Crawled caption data
▼▼▼
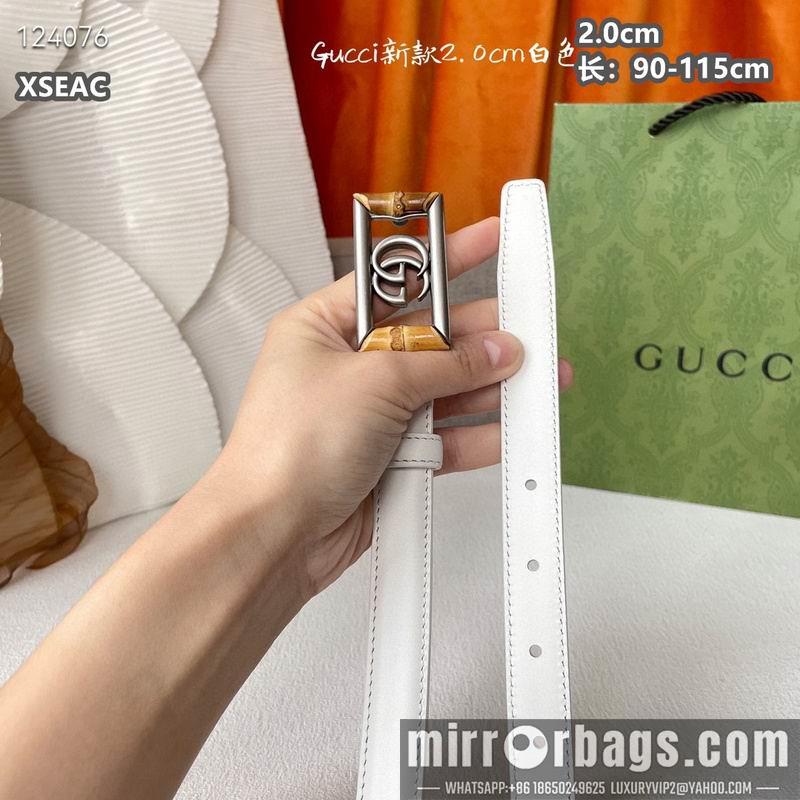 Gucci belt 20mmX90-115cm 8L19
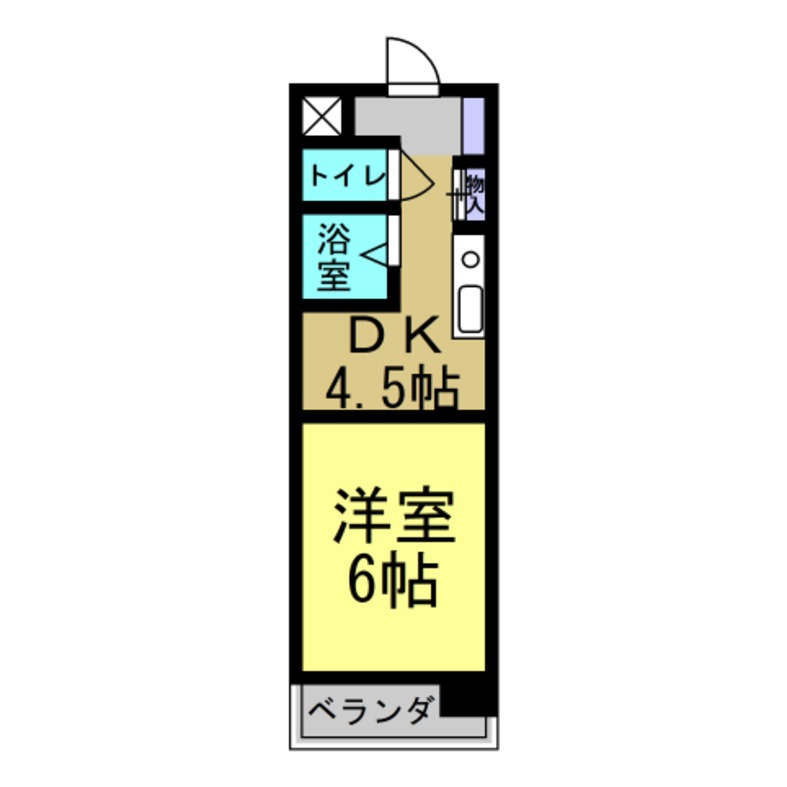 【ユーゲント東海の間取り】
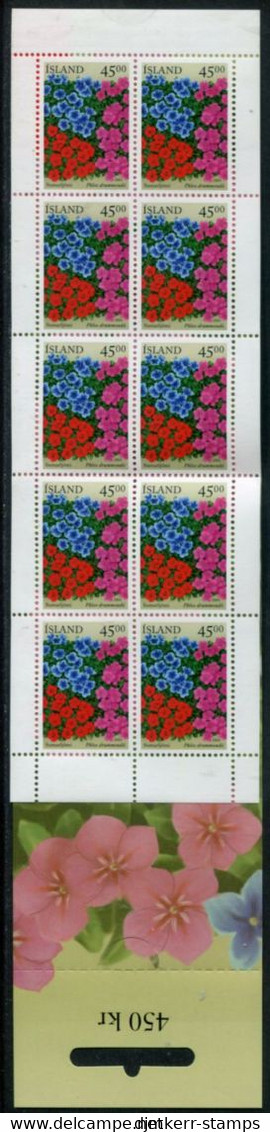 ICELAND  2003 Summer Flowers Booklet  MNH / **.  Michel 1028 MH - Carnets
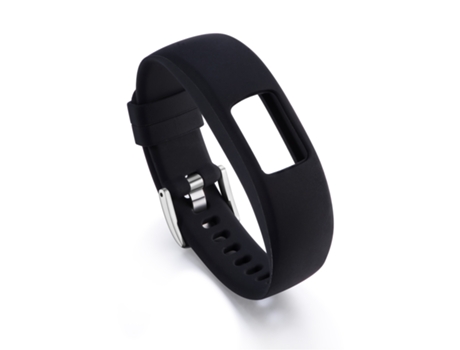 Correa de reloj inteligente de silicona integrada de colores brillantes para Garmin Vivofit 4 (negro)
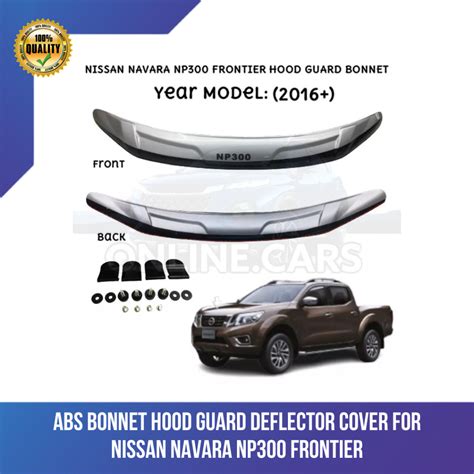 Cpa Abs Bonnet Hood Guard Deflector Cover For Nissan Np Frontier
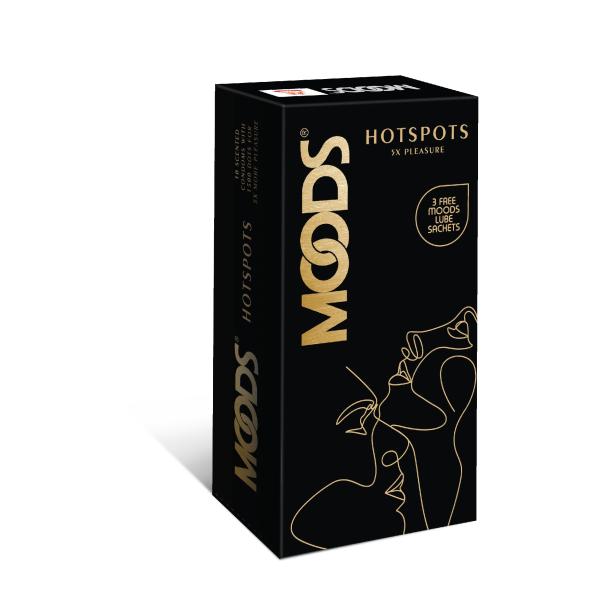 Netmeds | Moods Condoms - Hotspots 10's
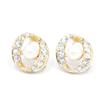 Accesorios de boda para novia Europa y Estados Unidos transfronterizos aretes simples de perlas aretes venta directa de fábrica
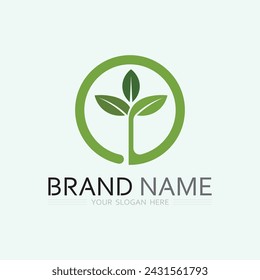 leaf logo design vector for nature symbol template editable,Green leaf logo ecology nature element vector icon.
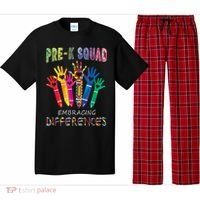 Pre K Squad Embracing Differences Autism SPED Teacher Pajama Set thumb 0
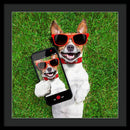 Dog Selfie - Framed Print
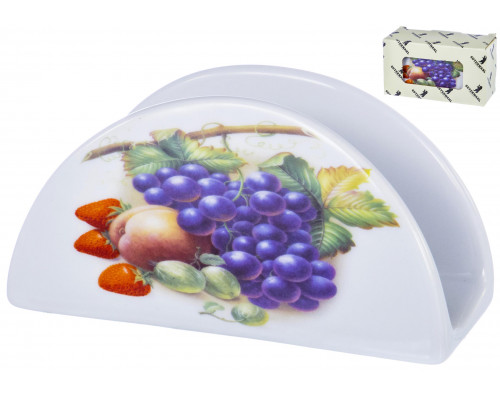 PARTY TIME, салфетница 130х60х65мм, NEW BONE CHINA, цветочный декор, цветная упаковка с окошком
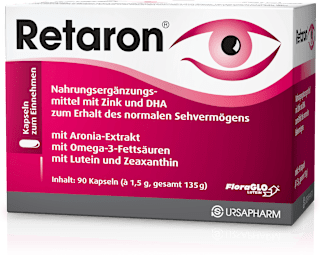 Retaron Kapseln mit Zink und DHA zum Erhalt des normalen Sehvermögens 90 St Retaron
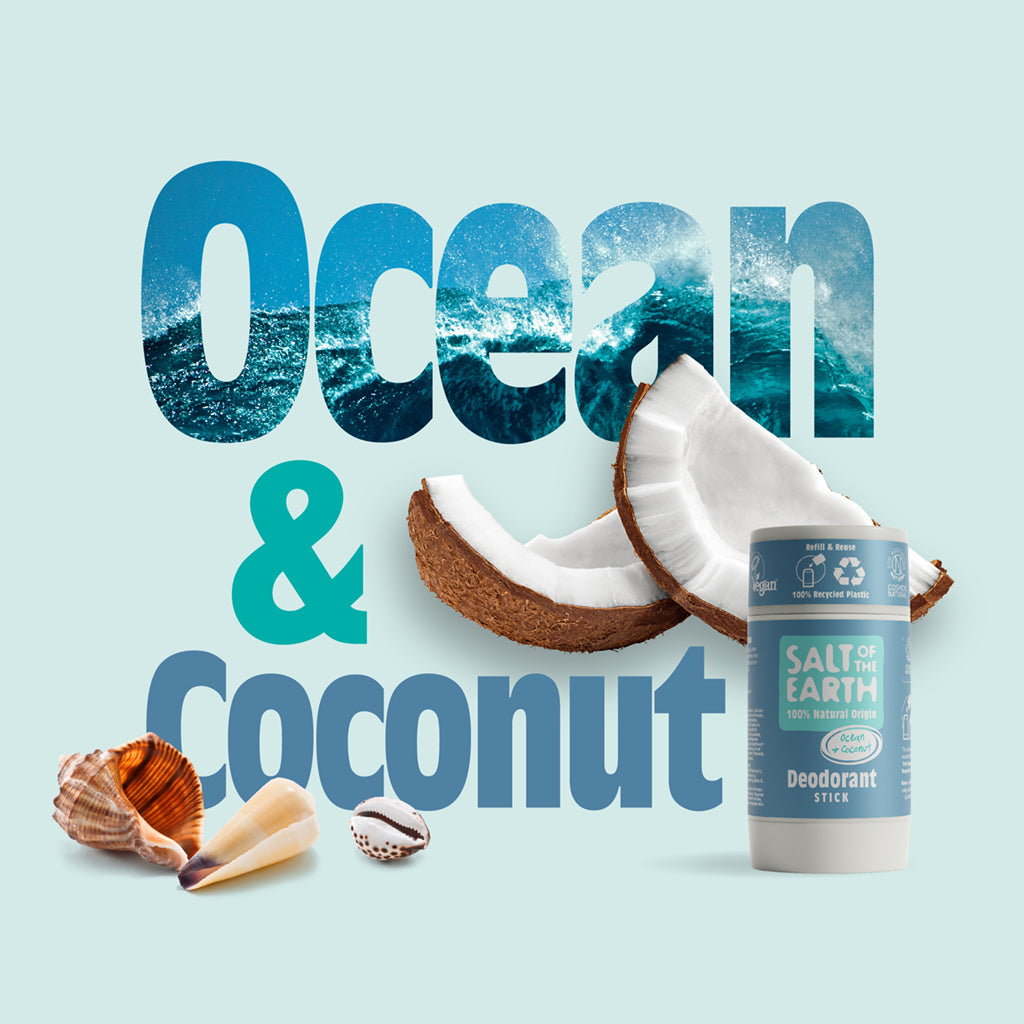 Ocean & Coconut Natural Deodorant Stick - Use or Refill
▲▲▲
- Required work -
Your job is to repeat every entry exactly, keeping all pictures out of the copy.

- Solution for this task -
 Gucci belt 20mmX90-115cm 8L19
 【ユーゲント東海の間取り】
 ICELAND  2003 Summer Flowers Booklet  MNH / **.  Michel 1028 MH - Carnets
 Correa de reloj inteligente de silicona integrada de colores brillantes para Garmin Vivofit 4 (negro)
 Cpa Abs Bonnet Hood Guard Deflector Cover For Nissan Np Frontier
 Netmeds | Moods Condoms - Hotspots 10's
 Accesorios de boda para novia Europa y Estados Unidos transfronterizos aretes simples de perlas aretes venta directa de fábrica
 leaf logo design vector for nature symbol template editable,Green leaf logo ecology nature element vector icon.
 Pre K Squad Embracing Differences Autism SPED Teacher Pajama Set thumb 0
 Dog Selfie - Framed Print
 PARTY TIME, салфетница 130х60х65мм, NEW BONE CHINA, цветочный декор, цветная упаковка с окошком
 Retaron Kapseln mit Zink und DHA zum Erhalt des normalen Sehvermögens 90 St Retaron
 Ocean & Coconut Natural Deodorant Stick - Use or Refill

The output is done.